Glen Ellyn family overwhelmed by community support following tragic fire

In a matter of days, Kim DeMeo and her family were overwhelmed in a bad way and then in a good way.

The family was stunned the night of March 30 when their Glen Ellyn ranch home was gutted by a fire that officials say started in the basement family room.

The whole family – Lou, Kim and their sons Joe, Nick and Louie – was at Top Golf when the fire started. They were celebrating the 15th birthday of twins Joe and Nick with a bunch of friends and relatives.

“Last year, with COVID-19, they didn’t get to do anything [for their birthday],” Kim said.

“It was a Tuesday night during spring break. It was great there. And then Joey got a text message from our neighbor across the street because he mows her lawn.”

The neighbor asked if they were OK “because your house is on fire,” Joe said.

“That is how we found out,” Kim said. “I called her right away. ‘What’s going on?
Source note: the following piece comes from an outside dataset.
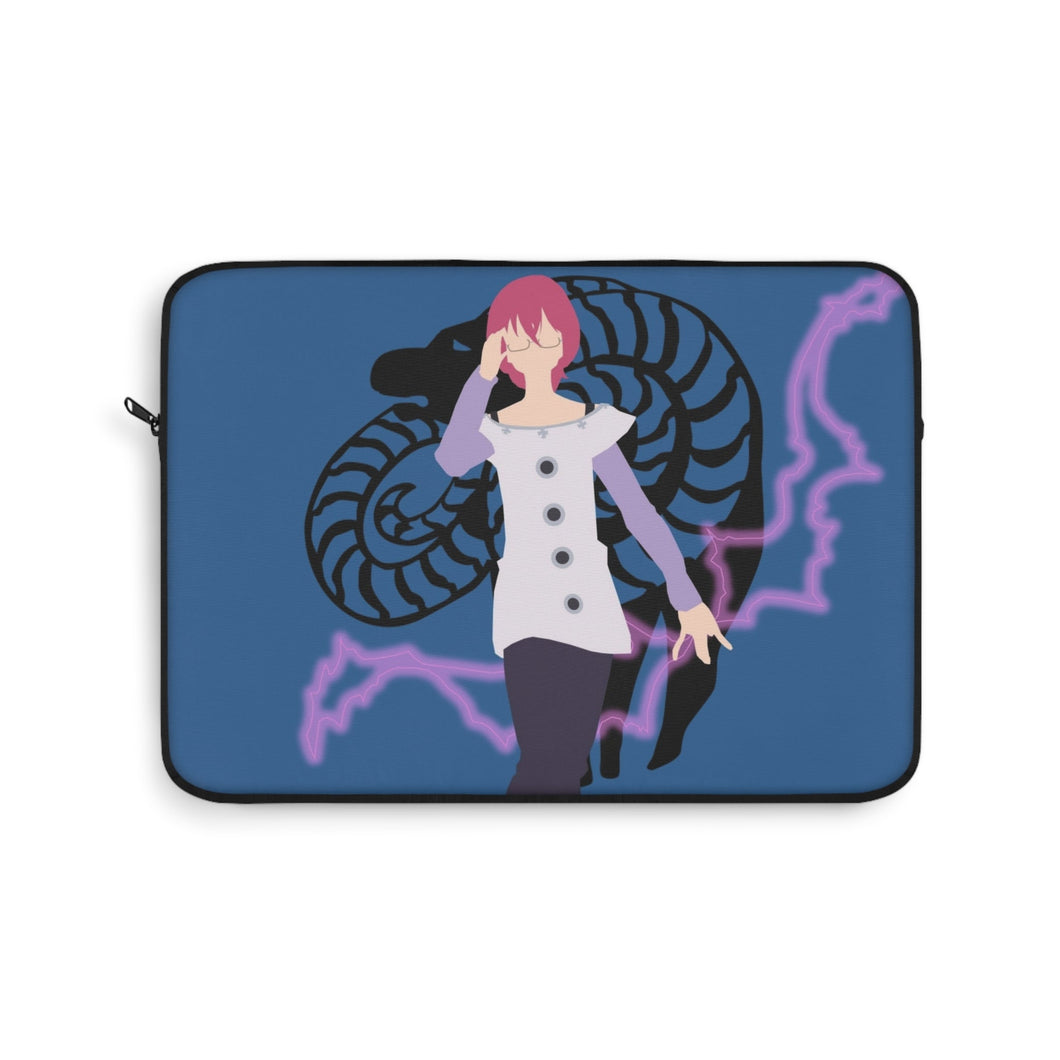 Merlin the Goat!!! Laptop Sleeve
How bad is it?’ She said, ‘You need to come home now.’ ”

They rushed home to find firefighters from eight trucks battling a blaze in the house that Kim, 41, and Lou, 44, moved into when they married 17 years ago.

“I was in shock, absolute shock,” Kim said.
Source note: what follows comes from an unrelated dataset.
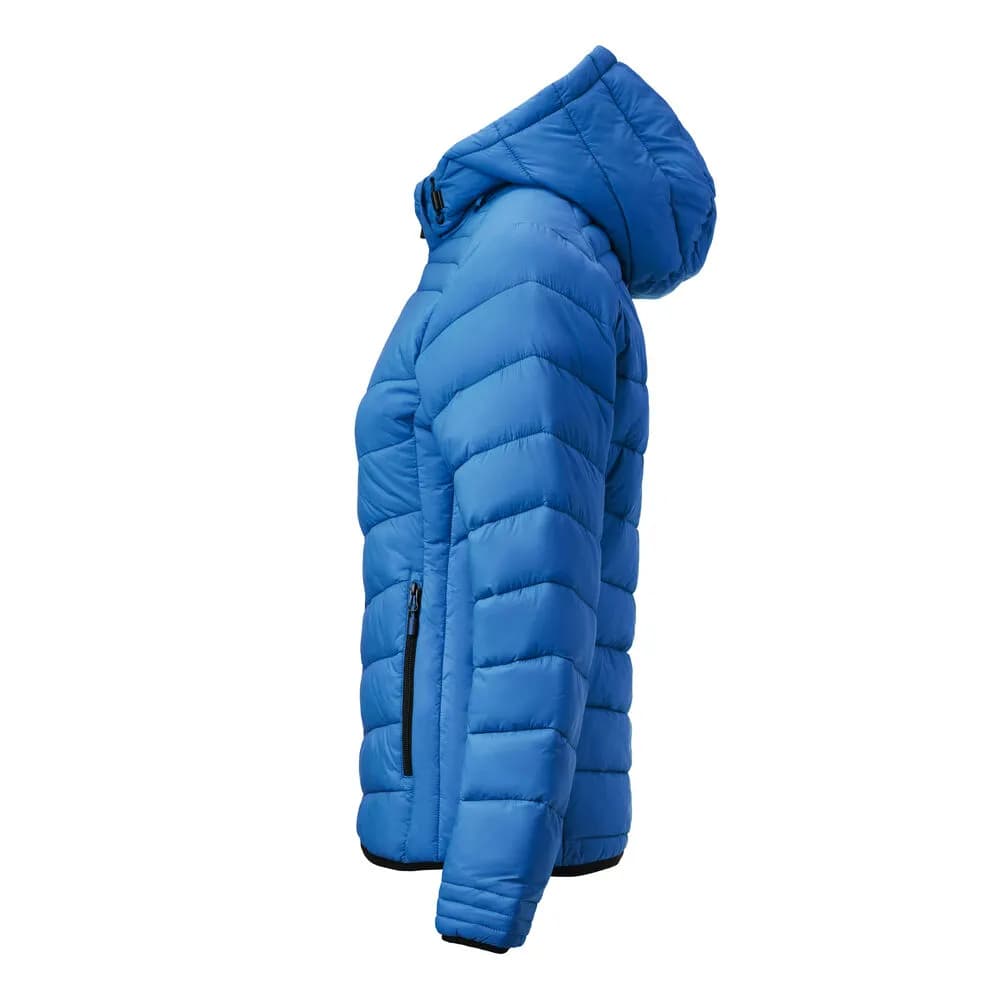 Base  Jacke Damen - Blau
“Everything is lost,” Kim said during an interview April 19 in the kitchen of the Lombard home of her mother-in-law, Natalie DeMeo.

Until their house is repaired, the family is living in Lou’s childhood home. As Kim jokingly told Natalie, “You’ve gone from calm to chaos.”

Among the few possessions spared were a pet turtle named Boris, a White Sox painting and whatever was stored in the garage such as Joe’s baseball gear.

Childhood toys, photo albums, beloved mementos, clothing, furniture, everything else is gone.

A spark from a power strip started the fire that spread to a TV and caused that to explode in the family room and flames soon spread, officials told the family.

“They said it was a freak accident. One in 4,000. They told us this is how recalls happen,” Kim said.

The family has been told their house may not be ready for occupancy until 2022.

To make things worse, the DeMeo family lost two pets, a cat named Rocky and a dog named Rosie. Rocky favored Nick, Kim said, while Joe was clearly Rosie’s favorite human.

Yes, things are bleak, but there is hope. Lots of hope.

As of April 19, two GoFundMe pages started by friends have raised more than $38,000 for the DeMeo family.

A now-closed fund raised $26,000, Kim said.

The active fund was at $12,525. Donations range from $5 to $2,000.

“I’m so humbled beyond belief and mind blown at how much support everyone has given,” Kim said. “All of the donations. The clothes. Anything we need. Food.”'

“It’s crazy,” Nick added.

Nick and Joe are eighth graders at Glen Crest Middle School. Louie, 10, is a fourth grader at Arbor View Elementary School. The schools are in Glen Ellyn.

They rely on rides from their mother to get to and from school each day. Between chauffeur duties, Kim works with Lou at his family’s HVAC business, Any Temperature, which is based in Carol Stream.

Kim’s time often is spent talking with State Farm Insurance, contractors and restoration experts. The house has to be gutted to the studs and completely rebuilt.

“Everybody’s been great,” she said. “We have been taken very good care of so far. I don’t want to jinx it.”

Kim sometimes shudders to think what could have happened had the family been home – perhaps fast asleep – when the fire began.

“That’s been like a bad movie [playing in my head],” she said.

“But we are just so humbled, so grateful and so thankful. I feel like ‘thank you’ doesn’t even begin to express our gratitude toward people.”

That includes donations, recruited by her mother, Eileen Martyn, from parishioners at St. Matthew Church in Glendale Heights.

“The kindness of strangers, it’s amazing,” Kim said. “I wish I could help everyone the way people have helped us.”